Nel corso della battaglia azionaria hanno colpito le dichiarazioni del M5S e della Lega a favore di una politica delle Tlc che preservi la nazionalità italiana della compagnia telefonica. Quasi un preludio al patto di programma. Si legge nel manifesto elettorale del partito ora guidato da Luigi Di Maio: “Il Movimento 5 Stelle s’impegna affinché l’infrastruttura di rete e la relativa gestione siano a maggioranza pubblica​“, è scritto nel capitolo sulle Telecomunicazioni del programma M5S: “Vogliamo creare le condizioni – hanno scritto prima delle elezioni politiche – per unire le porzioni di rete attualmente detenute dai principali soggetti operanti nella realizzazione, gestione e manutenzione della rete in fibra ottica in un’unica infrastruttura”. Anche il centro destra ha plaudito all’intervento della Cdp. Matteo Salvini non ha mai nascosto il suo orientamento per una rete telefonica sotto il rigido controllo italiano. Per Silvio Berlusconi il discorso è diverso. Come sempre il capo di Forza Italia pensa prima di tutto ai suoi interessi. Berlusconi non vede di buon occhio i francesi di Vivendi per il semplice fatto che Vincent Bollorè ha tentato di insidiare il controllo di Mediaset. L’alleanza con Sky va in direzione anti francese.

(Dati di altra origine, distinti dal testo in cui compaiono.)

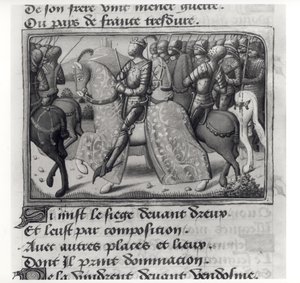 Ms. Fr.5054 fol.26 r Carlos VII (1403-61) y Juana de Arco en el sitio de Dreux, de Les Vigiles de Charles VII por Martial d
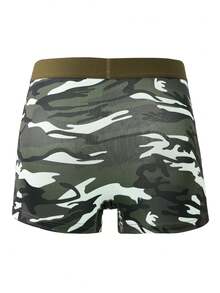5 Packs Men's Novel Shorts, Made Of Polyester Fiber Elastic Fabric, Soft And Skin Friendly, With Camouflage Pattern Printing, Military Green Belt, Quick Drying And Breathable, Sporty And Casual Men's Boxer Shorts - Multicolor - View 5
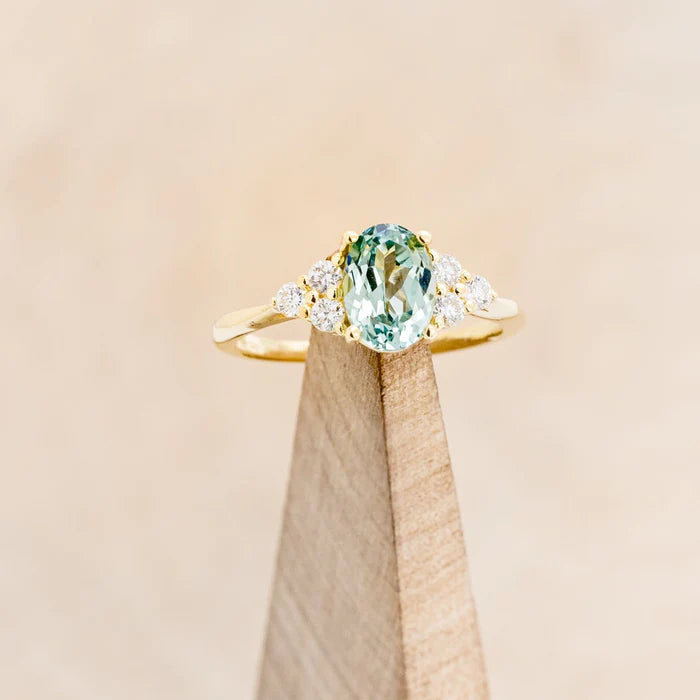 "RHEA" - OVAL ENGAGEMENT RING WITH DIAMOND ACCENTS-14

Non vogliamo dire che Lega e M5S hanno determinato la scelta della Cassa Depositi e Prestiti ma è vero però che le nomine ai vertici della Cdp scadono tra non molto e se nascesse un governo Lega-M5S questo non sarebbe indifferente alle nuove nomine. Anzi nell’agenda di Di Maio e di Salvini la Cdp sarebbe in testa alle decisioni da prendere, visto il ruolo strategico che i due vincitori delle elezioni del 4 marzo hanno deciso di far svolgere alla banca pubblica controllata dal Tesoro. La partita è appena cominciata e gli esiti non sono affatto certi. Gli appuntamenti sono due, l’assemblea del 24 aprile che voterà sulla revoca e la nomina di 6 nuovi consiglieri indipendenti e l’assemblea del 4 maggio quando si dovrebbe votare sul rinnovo dell’intero consiglio d’amministrazione dopo le dimissioni dei consiglieri sollecitate da Vivendi.
In questa gigantesca partita politica e finanziaria ci sono da registrare due prese di posizione. Franco Bernabè, vice presidente di Telecom, candidato al nuovo consiglio per i francesi è stato gelido a proposito dell’ingresso della Cdp: Vedremo in assemblea chi ha i voti. E comunque ben vengano tutti gli investitori interessati. Telecom è la compagnia che ha la maggiore profittabilità in Europa il che significa che, nonostante tutti i problemi che ha avuto, è solida e di grande attrattività per gli investitori”.

I sindacati invece si dicono favorevoli. “Il via libera del consiglio di Cassa Depositi Prestiti all’ingresso diretto nel capitale di Telecom, con un ruolo di garante dell’interesse nazionale e dell’integrità dell’impresa, rappresenta una prima buona notizia e potrebbe costituire il presupposto per una ritrovata stabilità della governance di Tim con risorse adeguate a sviluppare i processi digitali e di innovazione”.